[Stored items]
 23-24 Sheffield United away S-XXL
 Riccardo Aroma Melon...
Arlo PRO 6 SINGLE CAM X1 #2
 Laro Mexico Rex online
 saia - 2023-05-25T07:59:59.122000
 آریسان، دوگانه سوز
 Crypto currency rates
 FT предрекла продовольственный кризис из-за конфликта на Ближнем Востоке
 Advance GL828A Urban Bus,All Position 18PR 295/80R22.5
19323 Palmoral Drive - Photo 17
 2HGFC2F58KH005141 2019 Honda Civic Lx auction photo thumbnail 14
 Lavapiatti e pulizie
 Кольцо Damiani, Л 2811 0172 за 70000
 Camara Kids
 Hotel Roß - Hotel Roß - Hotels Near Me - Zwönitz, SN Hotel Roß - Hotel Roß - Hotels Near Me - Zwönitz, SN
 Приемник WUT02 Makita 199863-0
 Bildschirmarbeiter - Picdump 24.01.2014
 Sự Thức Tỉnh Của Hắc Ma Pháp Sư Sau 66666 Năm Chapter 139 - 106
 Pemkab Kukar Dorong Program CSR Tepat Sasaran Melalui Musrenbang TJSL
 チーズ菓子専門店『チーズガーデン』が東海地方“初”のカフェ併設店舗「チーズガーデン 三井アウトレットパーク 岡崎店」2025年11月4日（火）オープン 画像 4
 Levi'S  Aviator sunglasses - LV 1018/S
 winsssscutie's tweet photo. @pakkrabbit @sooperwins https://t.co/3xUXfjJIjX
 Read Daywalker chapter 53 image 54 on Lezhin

*REQUIRED ACTION:* Word for word, write out the data.

*YOUR RESPONSE:*
 23-24 Sheffield United away S-XXL
 Riccardo Aroma Melon...
Arlo PRO 6 SINGLE CAM X1 #2
 Laro Mexico Rex online
 saia - 2023-05-25T07:59:59.122000
 آریسان، دوگانه سوز
 Crypto currency rates
 FT предрекла продовольственный кризис из-за конфликта на Ближнем Востоке
 Advance GL828A Urban Bus,All Position 18PR 295/80R22.5
19323 Palmoral Drive - Photo 17
 2HGFC2F58KH005141 2019 Honda Civic Lx auction photo thumbnail 14
 Lavapiatti e pulizie
 Кольцо Damiani, Л 2811 0172 за 70000
 Camara Kids
 Hotel Roß - Hotel Roß - Hotels Near Me - Zwönitz, SN Hotel Roß - Hotel Roß - Hotels Near Me - Zwönitz, SN
 Приемник WUT02 Makita 199863-0
 Bildschirmarbeiter - Picdump 24.01.2014
 Sự Thức Tỉnh Của Hắc Ma Pháp Sư Sau 66666 Năm Chapter 139 - 106
 Pemkab Kukar Dorong Program CSR Tepat Sasaran Melalui Musrenbang TJSL
 チーズ菓子専門店『チーズガーデン』が東海地方“初”のカフェ併設店舗「チーズガーデン 三井アウトレットパーク 岡崎店」2025年11月4日（火）オープン 画像 4
 Levi'S  Aviator sunglasses - LV 1018/S
 winsssscutie's tweet photo. @pakkrabbit @sooperwins https://t.co/3xUXfjJIjX
 Read Daywalker chapter 53 image 54 on Lezhin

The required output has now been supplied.